Hoepel op
Op 15 maart 2020 gaat de wereld ineens op slot. Het leven vertraagt. Intelligente lock-down met zijn allen thuis en zoveel mogelijk binnenblijven. De maatschappij en mijn praktijk staan stil maar mijn hoofd maakt overuren. Virologen en economen lijken het enige geluid te zijn. Nog nooit eerder heb ik zo fysiek de noodzaak gevoeld om de straat op de gaan mijn ruimte als kunstenaar te onderzoeken en in te nemen. Met behulp van de tijdelijke werkbijdrage Productie, Presentatie en Research (PPR) van het CBK Rotterdam onderzoek ik de 1,5 meter maatschappij. Wat houdt de 1,5 meter samenleving in?
Wat betekent ruimte nemen, ruimte geven en ruimte delen. Welke ruimte is er en voor wie en wie bepaald dat? Fysieke ruimte, persoonlijke, emotionele ruimte en financiële ruimte.
Anderhalve meter: de spanning tussen geven en nemen
Met een rode hoepel om mij heen van anderhalve meter beweeg ik me over straat, in het park en door winkels. Voor het eerst laat ik mezelf fotograferen in mijn zoektocht naar wat de nieuwe definitie van ruimte doet met mensen en met mijzelf. Hoepel op! heet het fotoproject.

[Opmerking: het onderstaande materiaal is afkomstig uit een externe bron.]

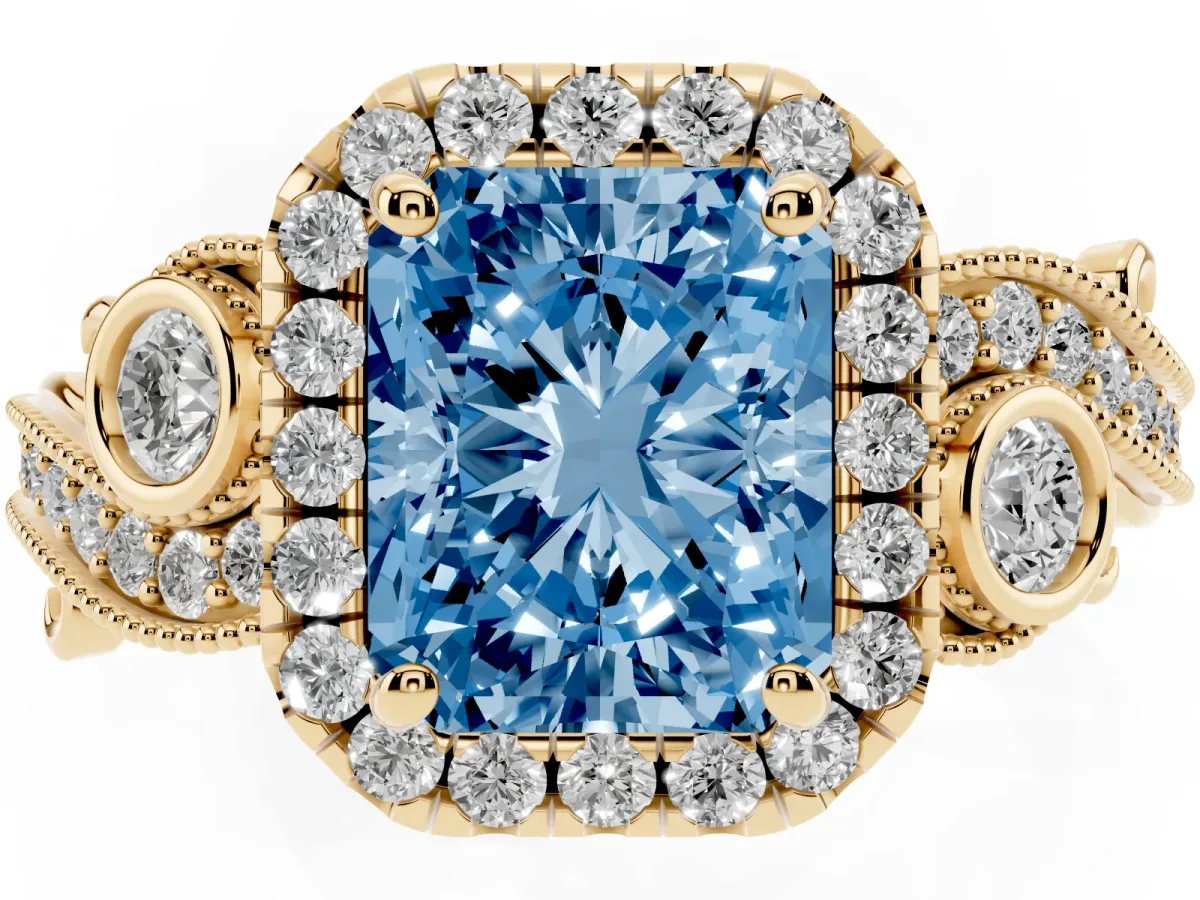 Fancy Blue Radiant Cut Diamond Halo Ring with Milgrain Pavé Band and Four-Prong Setting Yellow gold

Het menselijk verlangen naar contact en verbinding is een thema in mijn werk. Dat werd een gevaar door de uitbraak van het coronavirus. Anderhalve meter afstand houden is sinds zes maanden het dwingende advies van beleidsmakers en politici. Maar hoe gaat dat in de praktijk? En wat betekent dit in de openbare ruimte?
Het blijkt niet in de menselijke aard te zitten om op anderhalve meter van elkaar te blijven. Mensen moeten als het ware langs elkaar heen dansen. Daar zijn trottoirs en winkelpaden te smal voor. Ik zie steeds meer strepen, kruizen en borden met waarschuwingen verschijnen. De boodschap is niet altijd even duidelijk. Visueel zijn er te veel prikkels.

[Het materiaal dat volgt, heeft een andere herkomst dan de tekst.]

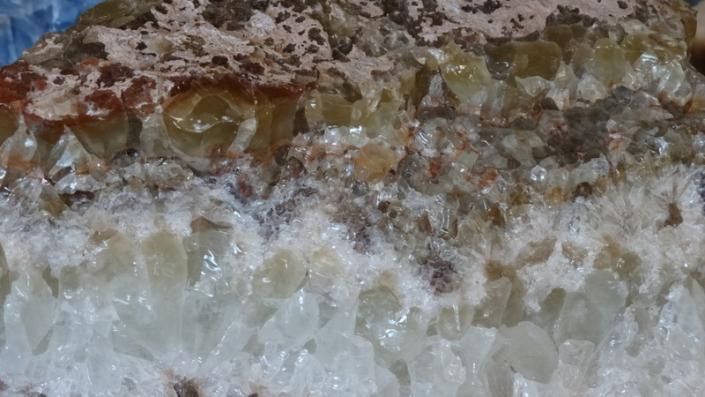 Close-up of a crystalline rock surface with white, brown, and translucent mineral layers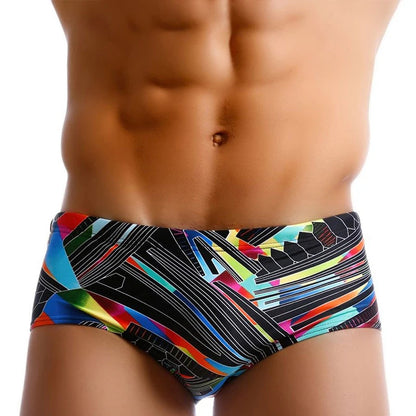 Colorful swim briefs with geometric pattern worn by a person on a white background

Ruimte geven of krijgen is belangrijker dan voor Covid 19. Ga je opzij of niet? Als een ander te dichtbij komt kan dat noodlottig zijn. Al wil niet iedereen dat geloven. In de eerste weken voelde ik een collectieve angst. Een dodelijk virus is onzichtbaar. Nu is er meer irritatie of onverschilligheid: anderhalve meter afstand houden is voor veel mensen onmogelijk in de openbare ruimte die daar niet op is ingericht.
Tijdens de zes maanden dat het virus nu woedt verdween welwillendheid voor argwaan. In de begintijd vonden voorbijgangers mij met de hoepel ontwapenend. Ze wilden graag het gesprek aangaan. Gaandeweg kreeg ik vaker te horen: Hoepel op! Eerst als vriendelijk grapje, later met meer venijn. Ik moet steeds meer mijn ruimte opeisen.

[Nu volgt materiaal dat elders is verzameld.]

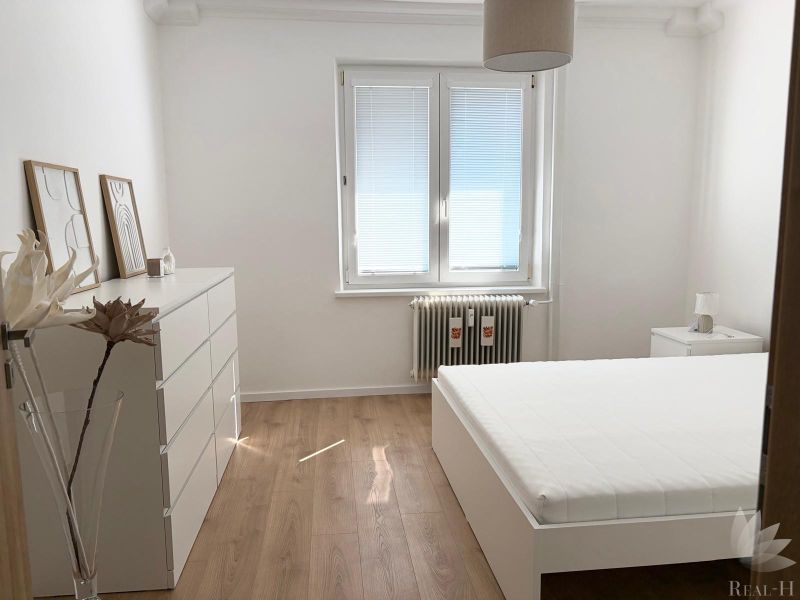 Bedroom in a 3-room apartment with a bed and a wooden decor floor.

Het virus is grillig. Dat geldt ook voor de regels om verspreiding in te dammen en het beleid om de gevolgen voor gezondheid en economie te verzachten. Op straat merk je dat onzekerheid voor mensen groter is geworden. We mogen weer meer, maar voor hoe lang? Houd ik mijn baan? Kan mijn bedrijf blijven bestaan? Uit onmacht worden mensen eerder pissig. Ze vinden het moeilijk om zich steeds opnieuw aan te passen.’’
Ik interviewde ook voorbijgangers tijdens het project. De Turkse vrouwen in het Zuiderpark in Rotterdam houden zich niet aan anderhalve meter afstand. Niet met elkaar en niet met hun kinderen. ,,In de winkels is het wel fijn’’, zegt een van hen. ,,De mensen plakken niet zo aan je.’’ Een gespierde Pool doet fitnessoefeningen in het grootste park van Rotterdam. ,,Covid 19 is propaganda.’’ Een oudere vrouw mist nabijheid. “Je leeft maar je bent eigenlijk dood. Ik wil terug naar de oude wereld.’’
Quotes van voorbijgangers
‘Hoepel op’ in NRC Handelsblad van 4 oktober 2020
Met haar fotoproject ‘hoepel op’ onderzoekt Janine Schrijver hoe mensen contact en verbinding maken op straat , in het park en in winkels met anderhalve meter afstand. Haar hoepel riep aanvankelijk ontwapende reacties op, later hoorde ze ook weleens een venijnig “hoepel op!”.